Такая завышенная оценка весьма умеренных успехов вдохновила Пола на дальнейшие подвиги, и однажды он объявил о своем желании заниматься русским языком.
– Только чтобы без грамматики! – вооружившись записной книжкой, предупредил он. – У меня еще со школы аллергия к падежам.
Несмотря на аллергию, Пол оказался способным учеником.
– При-вет! – старательно повторял он, пытаясь поймать на слух распевную русскую интонацию. – Как поживаете? Спа-си-бо, хорошо.
После первого занятия Пол вполне сносно усвоил алфавит, счет до десяти и несколько разговорных фраз и, как всякий начинающий, рвался применить свои знания на практике. Особенно понравилось ему слово «привет». Пол повторял его со вкусом, делая упор на раскатистом «ррррр», который получился у него уже с пятой попытки.

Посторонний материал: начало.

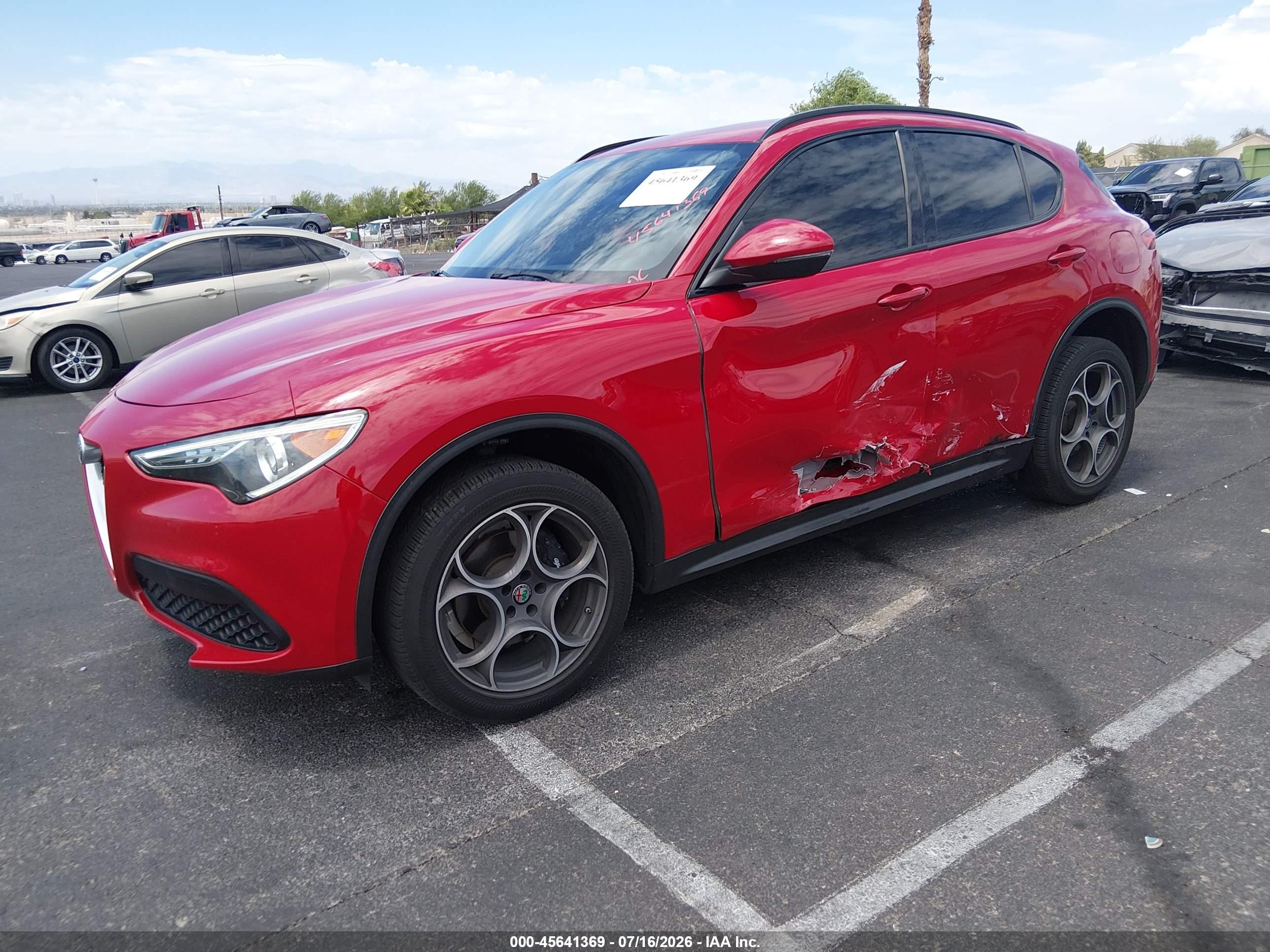 2018 Alfa romeo Stelvio VIN ZASFAKPN2J7B77203 IAAI salvage auction — Side, Salvage (Nevada), sold $5,500 on 2026-09-05 (photo 2)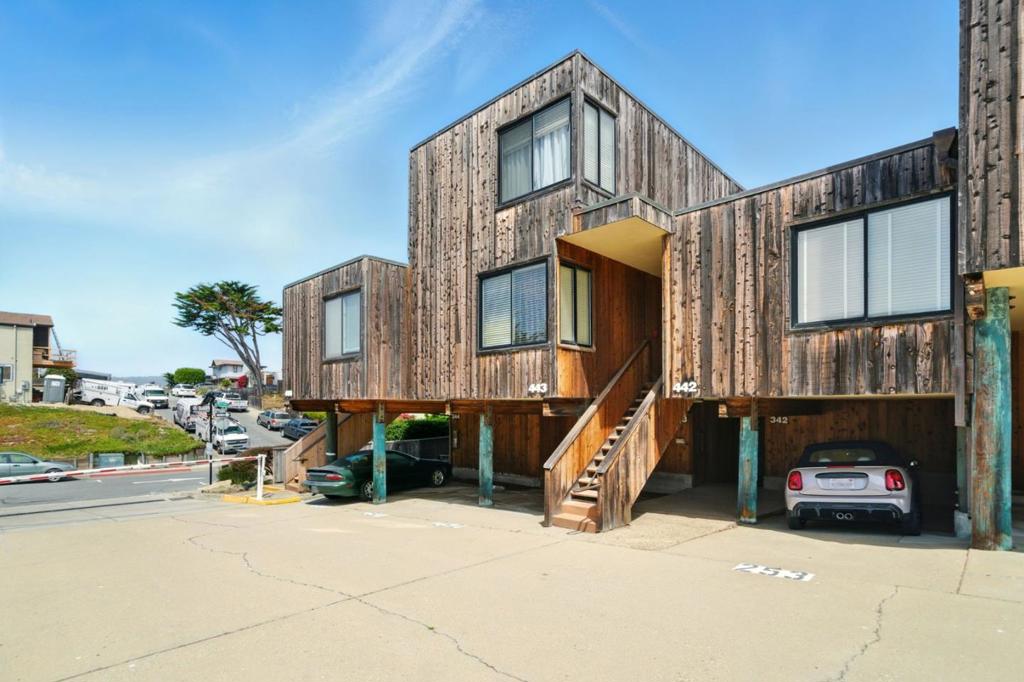 Live just steps from the sand at Del Monte Beach in this bright and breezy 1-bedroom, 1-bath condo. Located at 125 Surf Ave #343, this rare beachside unit offers a perfect blend of coastal charm and everyday convenience. The open-concept layout features hardwood floors, a well-appointed kitchen with bar seating, and large sliding doors that lead to a private balcony ideal for relaxing in the ocean breeze. The spacious bedroom includes ample closet space and a stylish vanity, while natural light flows throughout the home. Set in a secure gated community with covered parking, this home offers direct access to beach boardwalks, trails, and the Monterey Bay shoreline. Whether you're seeking a weekend getaway, full-time residence, or investment opportunity, this is low-maintenance coastal living at its best.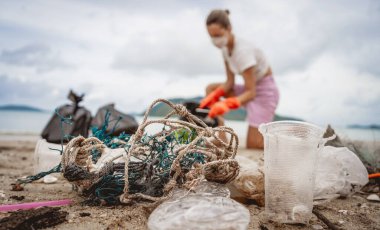 Kadın bir çevre bilimci plastikten ve diğer atıklardan sahil kenarını temizliyor..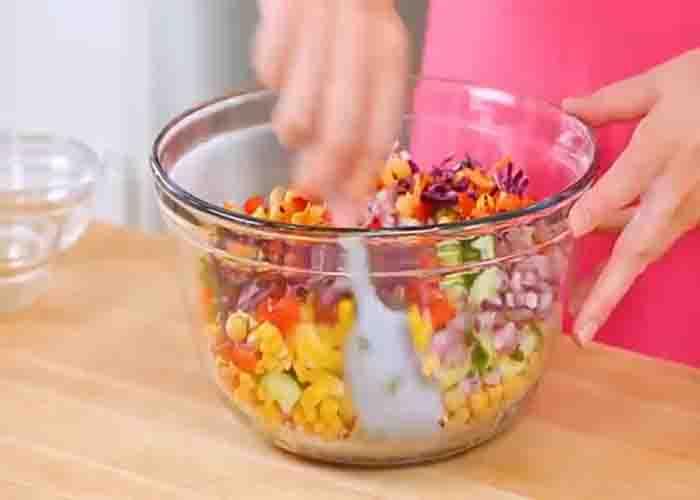 Mixing all the rainbow salad ingredients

– Пр-р-ривет! – радостно ошарашил он нашу пожилую соседку с третьего этажа, которая от неожиданности выронила связку ключей и растерянно уставилась на похожего на Клинтона инопланетянина, говорящего по-русски.
Всю дорогу до продовольственного магазина Пол держался молодцом, повторяя только что выученные фразы: «У вас есть апельсины?» « Сколько это стоит?» «Спасибо», «Пока». А вот перед входом он вдруг сник, сдулся, как испуганный воздушный шарик, и попытался спрятаться за меня.

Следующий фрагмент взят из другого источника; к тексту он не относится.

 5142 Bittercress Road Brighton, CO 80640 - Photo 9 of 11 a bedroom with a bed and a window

Я вспомнила, как в первый раз звонила в Америку и как боялась разговаривать по-английски с настоящим американцем! И это при том, что английский я изучала в институте пять лет!

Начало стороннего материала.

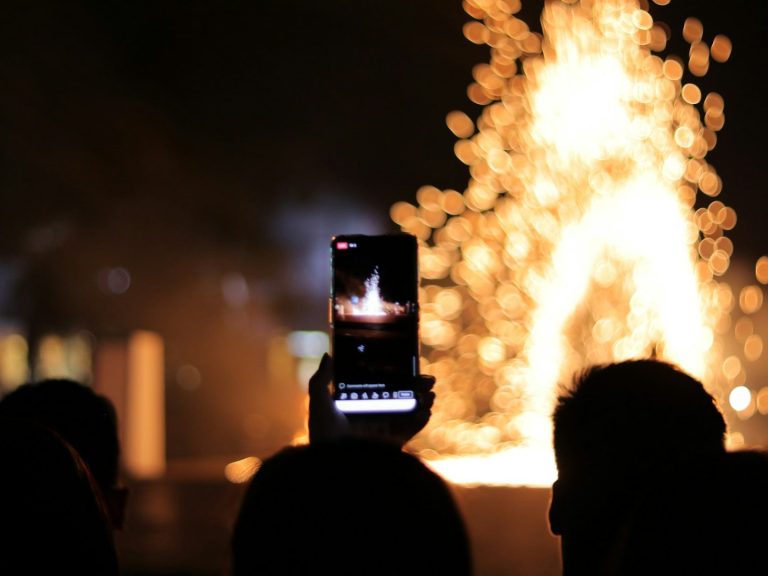 Eine Person hält ein Handy, um ein Feuerwerk bei Nacht zu filmen.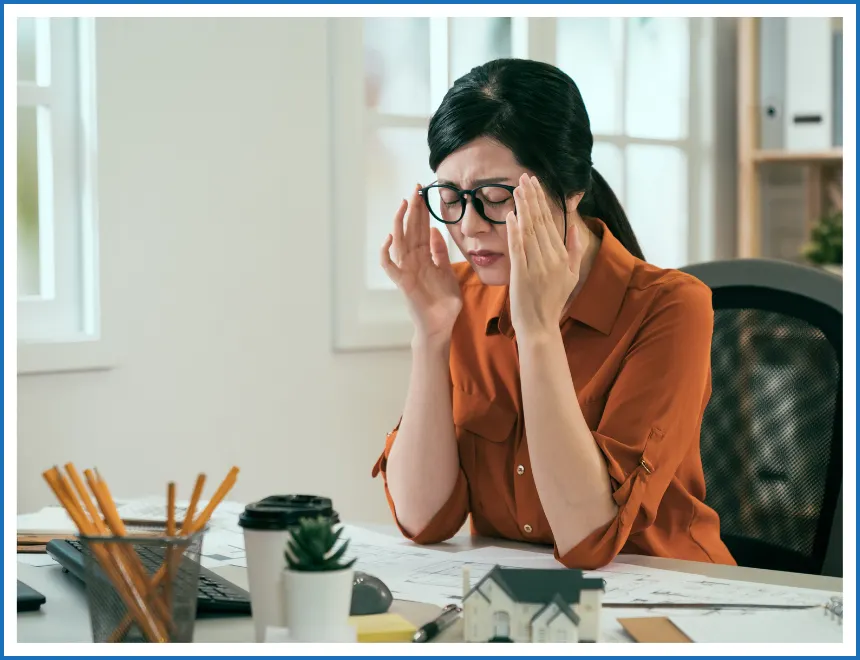Professional woman feeling stressed at work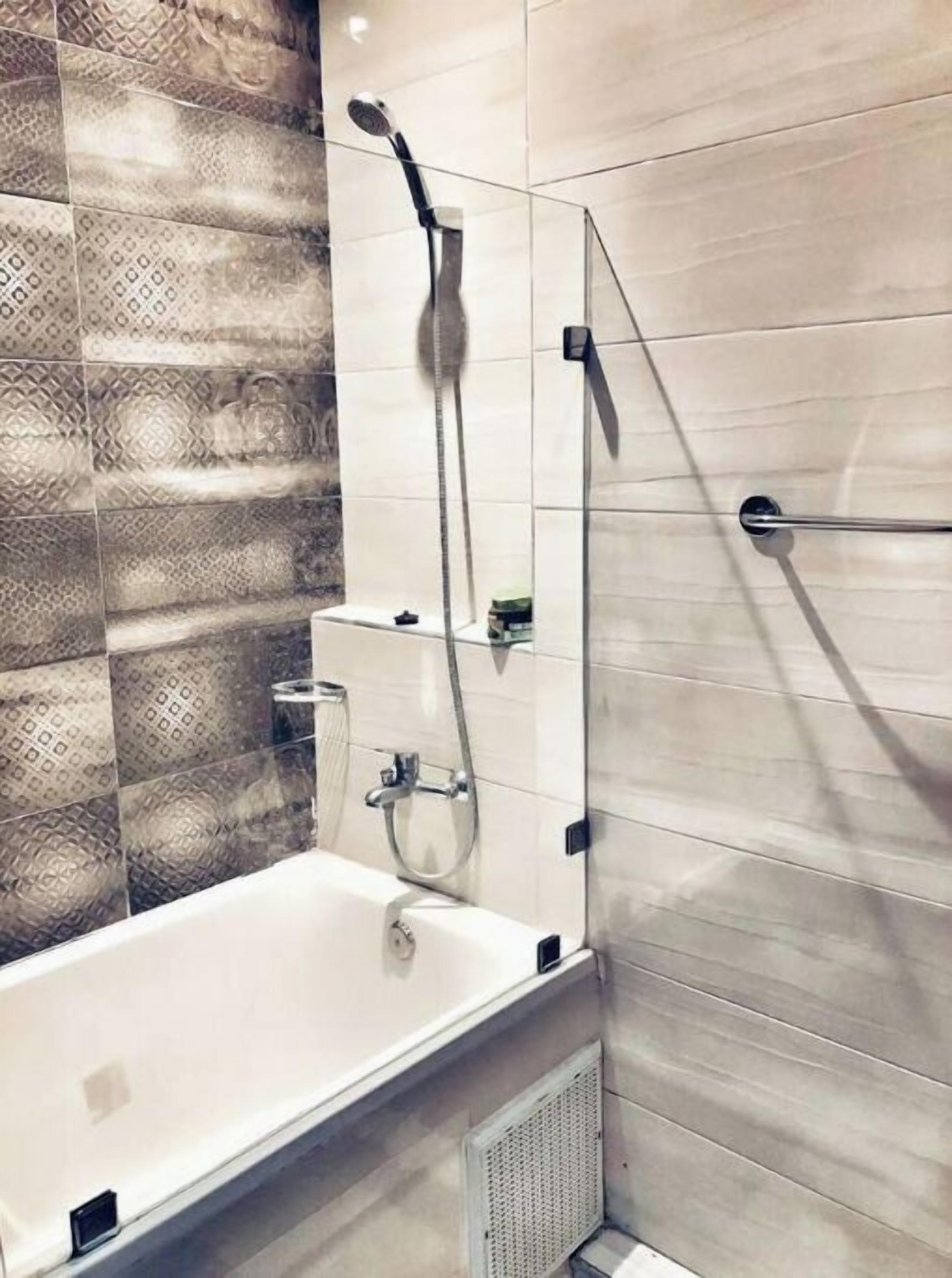 Une salle de bain moderne équipée d’une baignoire, d’une douche avec un pommeau de douche amovible et d’un porte-serviettes fixé au mur.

– Не бойся, поговоришь в другой раз, а сегодня просто послушаешь, – успокоила я своего ученика и подошла к продавщице, взвешивающей фрукты.
– Скажите, пожалуйста, – обратилась я к ней. – А апельсины у вас есть?
Продавщица неприветливо мотнула головой куда-то в сторону:
– Да вот же они! Не видите, что ли?
Я посмотрела в указанном направлении, но никаких апельсинов не заметила. Переспрашивать не захотелось, и я просто повернулась и пошла вдоль витрины с яблоками. Я думала, что Пол идет следом…
– Пр-р-ривет! – услышала я. – Как поживаете? Скол-ко это сто-ит?
Я не знаю, кто перепугался больше, Пол или продавщица. Оба замерли, растерянно уставившись друг на друга. Продавщица, впервые в жизни встретившая американца (не в Москве! В Арзамасе!..) первая пришла в себя и попыталась не уронить честь родного супермаркета. С равнодушным видом человека, который каждый день продает фрукты иностранцам, она задала встречный вопрос, который Пол, естественно, не мог понять:
– А что вам нужно? Вот яблоки, лимоны… Есть еще апельсины.
Услышав знакомое слово, Пол просиял:
– Да-да, апел-син! Скол-ко это сто-ит?
– Пять тысяч за кило. Вам сколько?
– Сколко? О-дин, – с трудом вспомнил Пол первое числительное, которое он повторял чаще других и потому запомнил. Все остальные цифры выскочили у него из головы.